Homelab K8s with GPU Nodes
If you happen to have a computer that has a GPU, I highly recommend incorporating it into your homelab! As with most things, settings things up can vary from environment to environment. I have listed the components I am personally using. If any one of them aligns with your setup, I hope the guide below can help with the installation.
Setup:
- K3s Cluster
- NVIDIA GPU (Worked with 20 and 30 series)
- Ubuntu 20.04 LTS
After incorporating a GPU enabled node to the cluster, I will provide the steps to deploy t-rex
onto the node. It can mine cryptocurrency by utilizing the GPU.
Setting Up The Node
Some work needs to be done for GPU enabled nodes. Unlike other compute workloads on Kubernetes, containers that uses NVIDIA GPU compute will require necessary kernels to be able to run.
The commands below gives an overview of how to prepare the node specifically for K3s.
# Install NVIDIA Drivers
apt search nvidia-driver # Identify desired drivers
apt install nvidia-headless-xxx-server
distribution=$(. /etc/os-release;echo $ID$VERSION_ID) \
&& curl -s -L https://nvidia.github.io/nvidia-docker/gpgkey | sudo apt-key add — \
&& curl -s -L https://nvidia.github.io/nvidia-docker/$distribution/nvidia-docker.list | sudo tee /etc/apt/sources.list.d/nvidia-docker.list
sudo apt-get update \
&& sudo apt-get install -y nvidia-container-runtime
mkdir -p /var/lib/rancher/k3s/agent/etc/containerd
wget https://k3d.io/v5.2.2/usage/advanced/cuda/config.toml.tmpl -O /var/lib/rancher/k3s/agent/etc/containerd/config.toml.tmpl
# Deploy NVIDIA Device Plugins on the Control Plane node
mkdir -p /var/lib/rancher/k3s/server/manifests
cat <<EOF | sudo tee /var/lib/rancher/k3s/server/manifests/nvidia-plugins.yaml
apiVersion: helm.cattle.io/v1
kind: HelmChartConfig
name: nvidia-device-plugin
namespace: kube-system
spec:
chart: nvidia-device-plugin
repo: https://nvidia.github.io/k8s-device-plugin
valuesContent: |-
nodeSelector:
gpu: enabled # Modify label selector accordingly for your cluster
EOF
# Ensure the label matches on the GPU enabled node as well.

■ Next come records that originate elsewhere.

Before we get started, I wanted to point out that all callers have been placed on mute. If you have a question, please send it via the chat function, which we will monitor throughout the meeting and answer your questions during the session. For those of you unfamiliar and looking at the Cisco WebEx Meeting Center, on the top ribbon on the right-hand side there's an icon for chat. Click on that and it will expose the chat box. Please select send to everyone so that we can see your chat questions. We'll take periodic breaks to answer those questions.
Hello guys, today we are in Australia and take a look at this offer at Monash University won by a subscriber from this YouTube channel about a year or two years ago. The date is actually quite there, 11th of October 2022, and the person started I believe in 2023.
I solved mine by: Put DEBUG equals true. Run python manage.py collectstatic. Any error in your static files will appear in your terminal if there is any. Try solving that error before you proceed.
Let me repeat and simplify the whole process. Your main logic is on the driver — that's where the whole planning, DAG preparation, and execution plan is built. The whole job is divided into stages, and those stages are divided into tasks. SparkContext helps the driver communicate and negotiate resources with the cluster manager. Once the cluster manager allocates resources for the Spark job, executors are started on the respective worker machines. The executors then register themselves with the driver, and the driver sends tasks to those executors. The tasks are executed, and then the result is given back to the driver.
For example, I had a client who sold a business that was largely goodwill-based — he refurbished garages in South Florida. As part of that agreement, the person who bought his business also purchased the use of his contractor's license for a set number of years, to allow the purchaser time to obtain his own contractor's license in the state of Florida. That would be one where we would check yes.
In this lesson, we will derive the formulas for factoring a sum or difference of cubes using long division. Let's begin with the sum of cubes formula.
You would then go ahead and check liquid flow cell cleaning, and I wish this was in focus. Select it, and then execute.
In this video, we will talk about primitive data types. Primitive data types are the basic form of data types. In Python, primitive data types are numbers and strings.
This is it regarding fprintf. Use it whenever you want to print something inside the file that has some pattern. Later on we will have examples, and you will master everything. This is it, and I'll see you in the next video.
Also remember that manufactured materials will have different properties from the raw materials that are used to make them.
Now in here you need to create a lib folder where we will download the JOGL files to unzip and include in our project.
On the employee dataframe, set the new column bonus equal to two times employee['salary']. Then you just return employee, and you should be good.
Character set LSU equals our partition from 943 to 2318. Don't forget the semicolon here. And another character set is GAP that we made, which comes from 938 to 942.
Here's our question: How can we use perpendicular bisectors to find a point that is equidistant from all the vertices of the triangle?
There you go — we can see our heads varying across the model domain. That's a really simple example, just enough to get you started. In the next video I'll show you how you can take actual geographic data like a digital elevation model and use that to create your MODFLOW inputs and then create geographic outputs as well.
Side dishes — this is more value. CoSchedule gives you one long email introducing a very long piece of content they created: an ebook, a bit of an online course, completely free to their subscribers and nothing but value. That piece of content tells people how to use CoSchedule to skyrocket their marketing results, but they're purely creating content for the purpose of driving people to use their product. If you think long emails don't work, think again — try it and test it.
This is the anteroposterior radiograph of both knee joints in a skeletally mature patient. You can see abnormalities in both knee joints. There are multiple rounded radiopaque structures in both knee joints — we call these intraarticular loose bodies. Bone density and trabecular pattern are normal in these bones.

Feel free to modify for your setup
mkdir -p /etc/rancher/k3s
cat <<EOF | sudo tee /etc/rancher/k3s/config.yaml
node-taint:
- "nvidia.com/gpu=2060:NoSchedule"
node-label:
- "gpu=enabled"
- "gpu-type=nvidia"
EOF
The instructions above are based on the information found in these links:
- https://itnext.io/enabling-nvidia-gpus-on-k3s-for-cuda-workloads-a11b96f967b0
- https://docs.nvidia.com/datacenter/cloud-native/container-toolkit/install-guide.html#install-guide
Now that the node is setup, lets work on deploying the crypto miner.
Creating the Container
The Dockerfile is simple. Use an NVIDIA base container and copy over the executable for t-rex
into it. The provided script the release provides will need to be modified slightly so we will be able to provide arguments to the container. This can be customized further to suit your preferences. For example, if you want to make the algorithm customizable, replace kawpow
with ${2}
and then you can set the algorithm as the second argument you pass into the container.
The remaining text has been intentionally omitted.